I've been ruminating about those two numbers for quite some time and I'm afraid that I can't see how things will play out.  Stay with me for a moment and I'll clarify as we go along.  First, you need to understand that PERS gets money from three places:  employee contributions (regardless of who pays it), employer contributions, and earnings.  Currently, about 71% (or something close) of PERS' income derives from earnings on the fund.  The rest comes from contributions made by employers and by employees.  Suppose for a moment that the legislature decides to do away with the mandatory 6% employee contribution.  What that means is that no money will be contributed to the fund from employees.  That reduces the income source to two:  employer contributions and earnings.  If the fund doesn't get 6% from employees then its overall cash flow changes, and the unfunded liability rises.  We don't want that, so we might have to increase employer rates to offset the loss of funds from employees.  Now, here's where the second shoe drops.  The fund assumes an 8% return on investment annually.  This is true for employers, is true for employees (Tier 1 anyway), and for all retirees.  If PERS lowers the assumed rate to, say, 6.5% or 7%, then Tier 1 rate guarantee goes down for all future earnings, the actuarial tables are revised for future retirees to reflect lower earnings growth, and the disparity between actual earnings and needed earnings rises.  There is only one place to get that money - from employers.  So, as you can see, both the Legislature and the PERS Board have a real conundrum on their hands.  If you eliminate the employee contribution (and the employer obligation for the "pick up" where it exists), employer rates will go down, but the overall health of the fund declines as well.  Consequently, while employers might see a first pass reduction of 6% in their overall contributions,  PERS will be forced to raise the rates to offset the anticipated unfunded actuarial liability that arises from having less cash flow to the fund.  Then, if they also cut the assumed rate, employers will again be called on to contribute more.  If you're lowering the assumed rate, you're admitting that you can't grow your way out of the problem.  The solution is to get more from the employers, not less.

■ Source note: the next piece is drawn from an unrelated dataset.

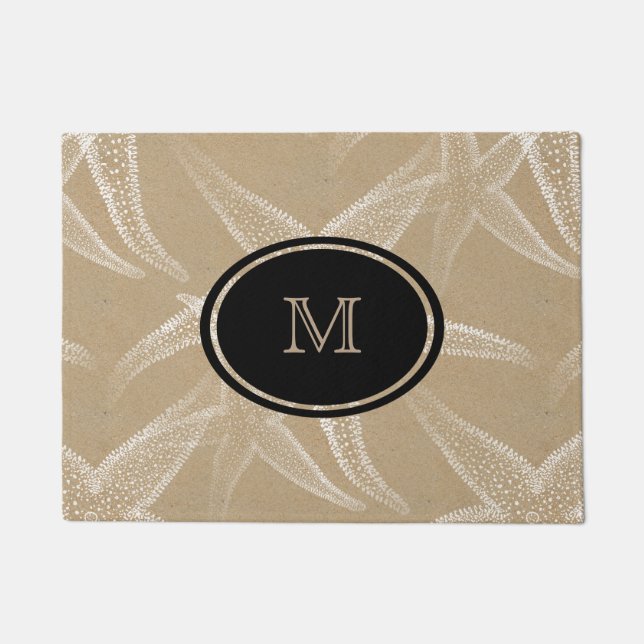 Paillasson Natte de monogramme de plage de sable d'étoiles de (Devant)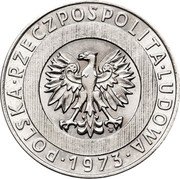 Poland 20 Zlotych (Grain Ears. Trial Strike) KM# Pr213 POLSKA RZECZPOSPOLITA LUDOWA 1973 MW coin obverse Poland 20 Zlotych (Grain Ears. Trial Strike) KM# Pr213 POLSKA RZECZPOSPOLITA LUDOWA 1973 MW coin obverse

So, while these two issues should be of concern to everyone, the ones who will really be opposing any change in the assumed rate will be the employers.  So will Tier 1 actives and in actives, but their voices will not count as much as the employers.  As far as the 6% goes, the only way that could change is to make it owned by employees.  That means an effective 6% pay cut for all those employees working for employers providing the pickup (largely State of Oregon).  Many employers today do NOT pick up the 6%.  Way back when this was first raised, employers and the employees and their unions agreed to some compromise that has the employees picking up their 6% and the employers provided some initial boost to base salaries as a partial offset.  The State doesn't have that luxury.  So, what I expect will happen is that this issue will come up during collective bargaining and the legislature will, likely, stay away from it.  On the surface it sounds like a great way to save some money, but the money saved will end up being very expensive for employers in the long run (and in the short run).

I'm not a seer, nor a forecaster, nor even that connected, but logic dictates that the two numbers Thompson suggests are going to become most important are likely to be backed away from by the Legislature when the true nature of the problem is explained to them in financial terms.  Those dogs won't hunt.  

What this means is that we are going to have to be especially alert because when you take away obvious things, the less obvious become more attractive.  Keep your eyes peeled, and ask hard questions to candidates running for legislative office.  Try to expose their real positions and what their objectives might be.  Knowledge is power in the age of worry.